I thought that I should use the ax^2+bx+c=0 but the 6th power is throwing me off.

If anyone could help, I would really appreciate it!

Thanks,
Ashley

2. Hi

You are right
$x^6-9x^3+8=0$

Let $y = x^3$ then $y^2 = (x^3)^2 = x^6$

And the equation becomes $y^2-9y+8=0$

Solve for y and then find x

3. Hi! Thanks for the help!

The only question I have is- After doing the quadratic formula, is it possible to have to answers for "y"? And if I do have to answers (I have y=3 and y=-4) how do I plug that in for "x"?

Thanks again! Sorry if that is confusing!

4. Originally Posted by aperkin2
I have y=3 and y=-4

You must solve $y^2-9y+8=0$

5. Oh, probably not.
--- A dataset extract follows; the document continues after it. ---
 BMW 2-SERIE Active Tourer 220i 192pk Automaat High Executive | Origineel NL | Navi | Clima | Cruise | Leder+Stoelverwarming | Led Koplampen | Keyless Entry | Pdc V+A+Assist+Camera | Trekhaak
After doing the quadratic formula I ended up with--

y= -1 + and - the square root of 49 all over 2
So I thought that would be -8/2 and 6/2
That would be -4 and 3.

I have messed up somewhere I am sure. Thanks again!

6. The solutions are given by the formula

$y = \frac{-b \pm \sqrt{\Delta}}{2a}$

Therefore $y = \frac{9 \pm \sqrt{49}}{2}$

7. Oh I see where I messed up! I was plugging in the wrong value for b. Thank you so much for your help! It has been great!